Peter Jackson Responds to Criticism of 48fps Filming in THE HOBBIT

     April 27, 2012


When director Peter Jackson announced that he would be filming The Hobbit in 48fps (double the frame rate of the industry standard 24fps), it sounded like a brilliant idea: crystal-clear resolution, a feeling of realism and elimination of motion blur.  However, the response to some test footage projected at 48fps at CinemaCon was not as glowing as one would have expected.  Steve was on hand to view the footage and described it by saying:

“The 48fps is so jarring that I’m not sure casual moviegoers will enjoy it.”

I recommend checking out Steve’s video blog in which he discusses his reaction to viewing The Hobbit footage in 48fps. Jackson spoke briefly in response to the criticism. Hit the jump to see what he has to say.

EW reports peter-jackson-martin-freeman-the-hobbit-set-imagethat word of the lukewarm reaction to Jackson’s footage for The Hobbit elicited a bit of frustration from the director.  Much like Steve described as a transition from silent movies to those with sound or from black and white to color, projection at 24fps to 48fps may be the way of cinematic future…we just happen to be experiencing some growing pains. As Jackson put it:

“Nobody is going to stop. This technology is going to keep evolving.”

During the presentation, Jackson did notice that many people seemed to get over their initial anxiety:

“I just wonder if it they were getting into the dialogue, the characters and the story. That’s what happens in the movie. You settle into it.”

I haven’t seen the 48fps myself, but it seems reminiscent of the transition to HDTV, where movements were just a bit off, news anchors’ make-up was glaringly obvious and every facial imperfection was viewable in the highest resolution.  We got over it.  Hopefully, theater goers will have the option of watching it in 24fps vs 48fps when it opens December 14th, but in time, I’d wager that 48fps is here to stay.

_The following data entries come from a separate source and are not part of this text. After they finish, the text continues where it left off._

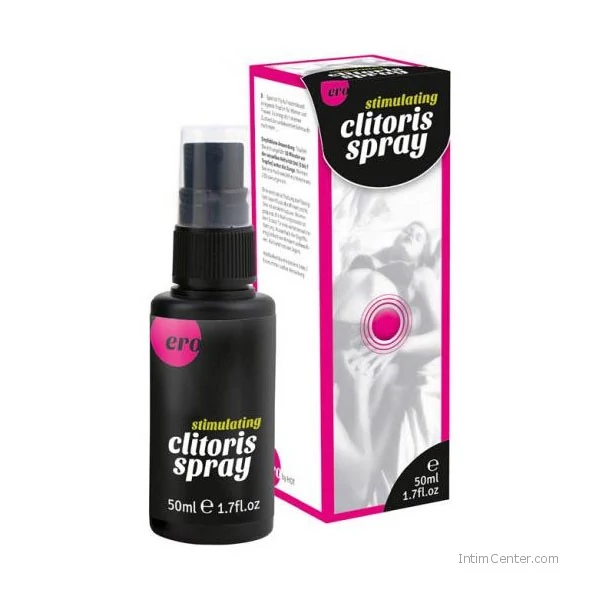 Ero klitoriszizgató, és vágyfokozó spray nőknek 50 ml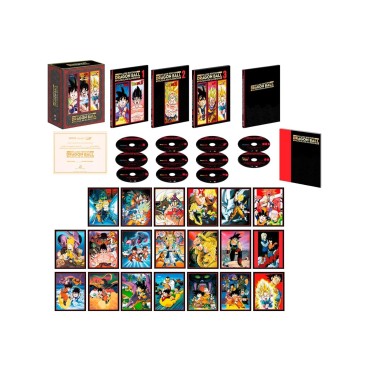 Dragon Ball. Las Películas (11 Discos. Unidades limitadas hasta fin de existencias. Deluxe Edition) [Blu-ray] (1986) Doragon bôr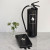 Nordic Flame Feuerlöscher 6 kg - Schwarz Classic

Check out the synopsis for The Hobbit below:

“The Hobbit” follows the journey of title character Bilbo Baggins, who is swept into an epic quest to reclaim the lost Dwarf Kingdom of Erebor, which was long ago conquered by the dragon Smaug. Approached out of the blue by the wizard Gandalf the Grey, Bilbo finds himself joining a company of thirteen dwarves led by the legendary warrior, Thorin Oakensheild. Their journey will take them into the Wild; through treacherous lands swarming with Goblins and Orcs, deadly Wargs and Giant Spiders, Shapeshifters and Sorcerers.

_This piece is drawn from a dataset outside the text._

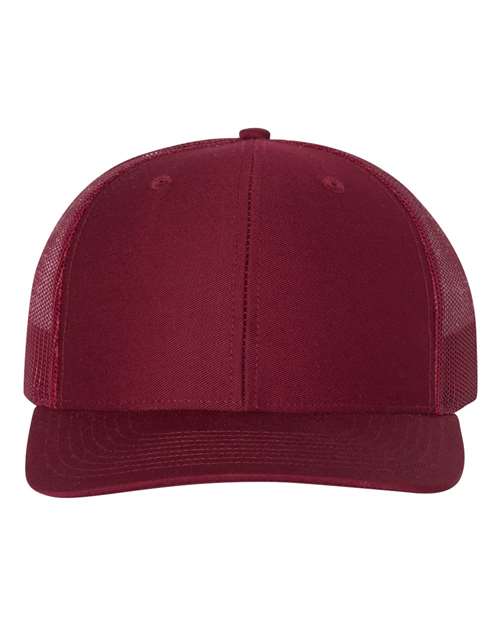 Richardson Cardinal / OSFM Richardson 112 Snapback Trucker Cap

Although their goal lies to the East and the wastelands of the Lonely Mountain first they must escape the goblin tunnels, where Bilbo meets the creature that will change his life forever … Gollum.

Here, alone with Gollum, on the shores of an underground lake, the unassuming Bilbo Baggins not only discovers depths of guile and courage that surprise even him, he also gains possession of Gollum’s “precious” ring that holds unexpected and useful qualities … A simple, gold ring that is tied to the fate of all Middle-earth in ways Bilbo cannot begin to know.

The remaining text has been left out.